On the Trend Labs blog, security researchers had posted that mobile apps are also vulnerable to the Heartbleed flaw. The main reason and possibility of the bug affecting the smartphone is that the mobile apps are also connecting to online servers and services to complete various functions.
Trend Micro stated that, “Mobile apps, like it or not, are just as vulnerable to the Heartbleed Bug as websites are because apps often connect to servers and web services to complete various functions. As our previous blog entry has shown, a sizable number of domains are affected by this vulnerability.”
“Suppose you’re just about to pay for an in-app purchase, and to do so you need to input your credit card details. You do so, and the mobile app finishes the transaction for you. While you’re getting on with your game, your credit card data is stored in the server that the mobile app did the transaction with, and may stay there for an indeterminate period of time. As such, cybercriminals can take advantage of the Heartbleed bug to target that server and milk it of information (like your credit card number). It’s as simple and easy as that,” they added.

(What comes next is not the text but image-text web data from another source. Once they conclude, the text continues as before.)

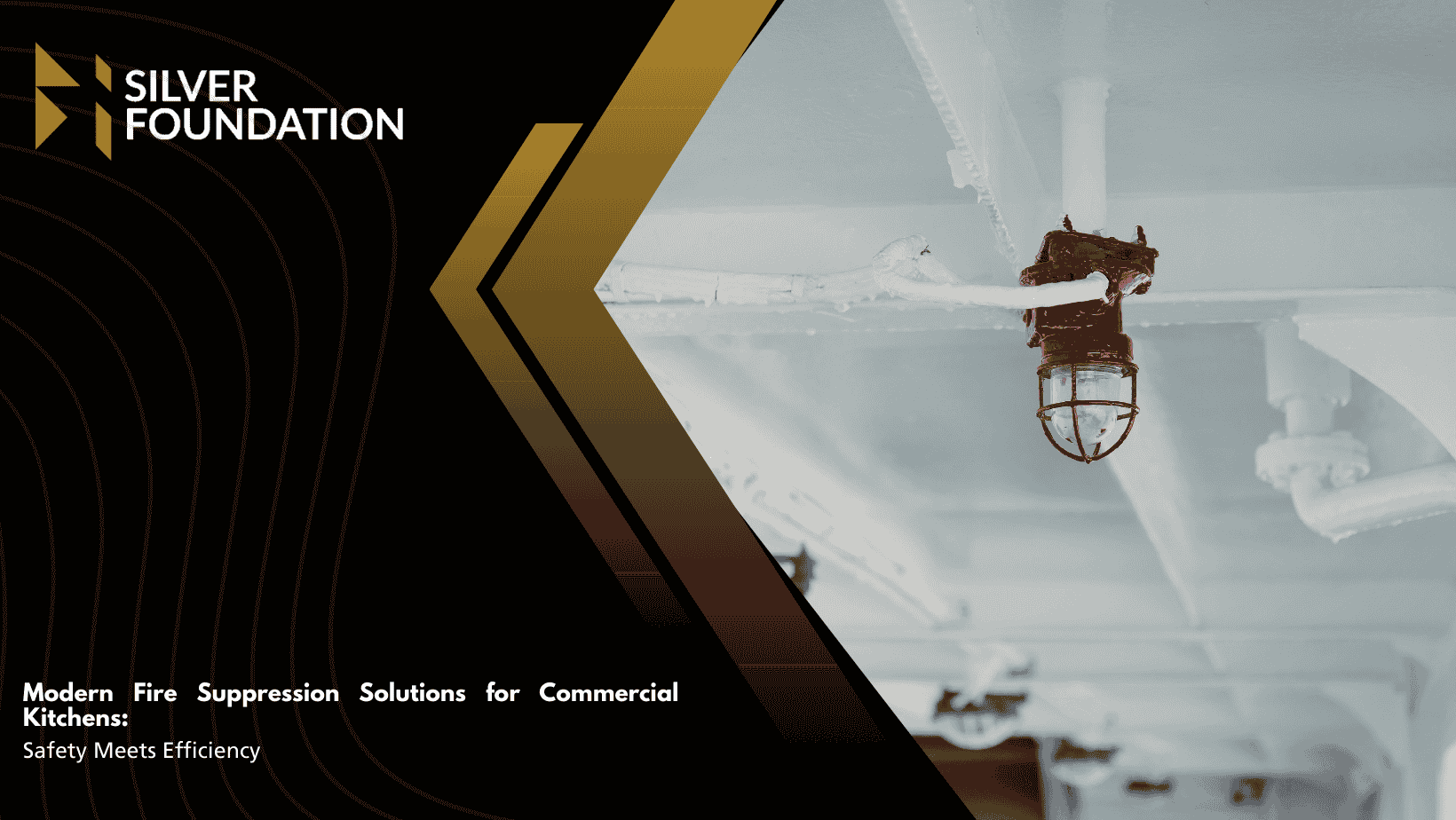 Modern Fire Suppression Solutions for Commercial Kitchens: Safety Meets Efficiency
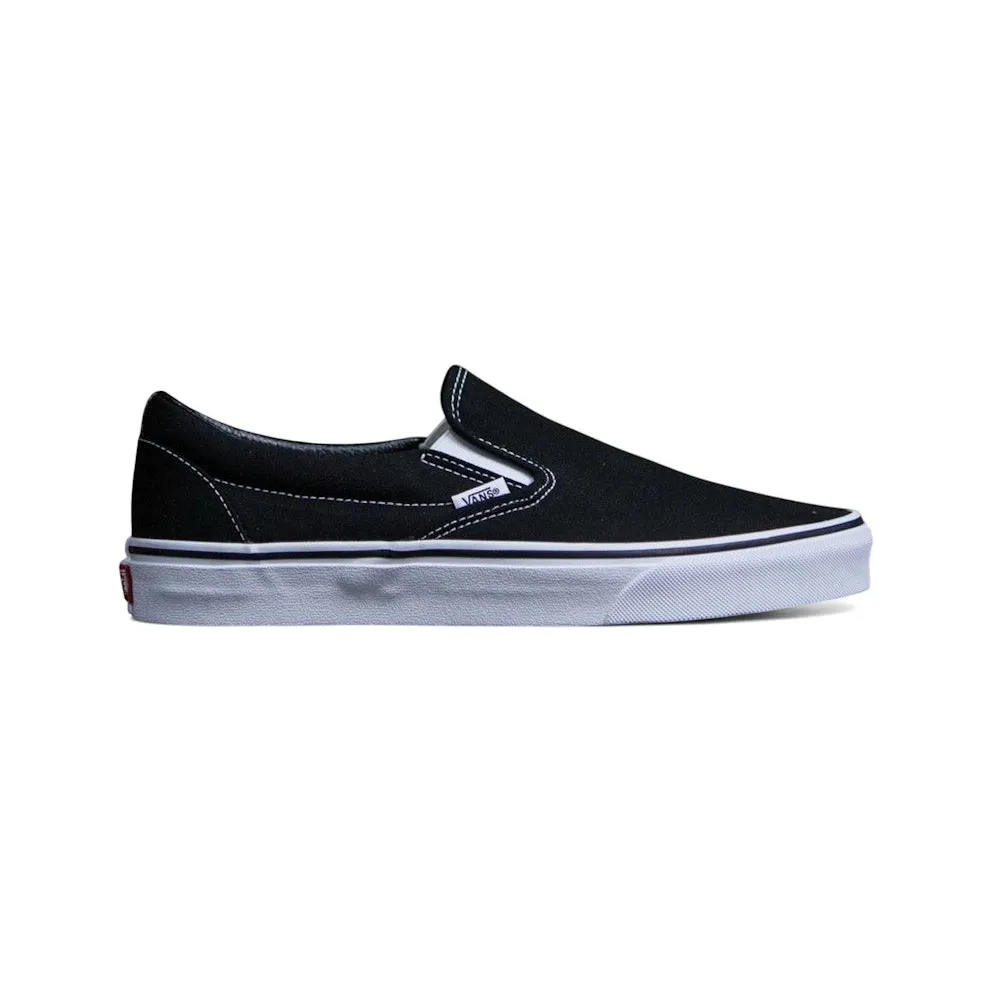 Vans Classic Slip-On Black White (VN0EYEBLK)
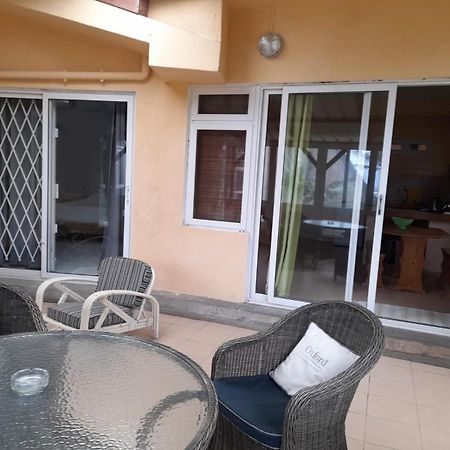 Keravel Bungalows Pointe d'Esny Exteriör bild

“What about apps that don’t offer in-app purchases? Are they safe from this vulnerability? Not really—as long as it connects to an online server, it’s still vulnerable, even if your credit card isn’t involved. For example, your app could ask you to ‘like’ them on a social network, or ‘follow’ them on yet another for free rewards. Suppose you decide to do so, and tap ‘OK’. Chances are your app will open the website on their own, through their own in-app browser, and have you log into the social network there. While we’re not saying the social networks you go are vulnerable to the Heartbleed bug, the possibility is there, and thus the risk is there as well.”
Trend micro stated that they have scanned almost 390,000 apps from Google play only to find that around 1,300 apps are connecting to vulnerable servers. 15 were bank-related apps, 39 were online payment-related and 10 were shopping apps among the list. The rest consisted of apps for social networking, keyboards, IM, health care, and alike, which use some server online for data sync.
Trend also stated that just changing the passwords would not help completely since the website operator also has to fix the flaw on the server side. Hence, it is better to stay away from these apps for a while till the websites announce that they have fixed the flaw completely. Post fixing it, you could change the passwords again and use them.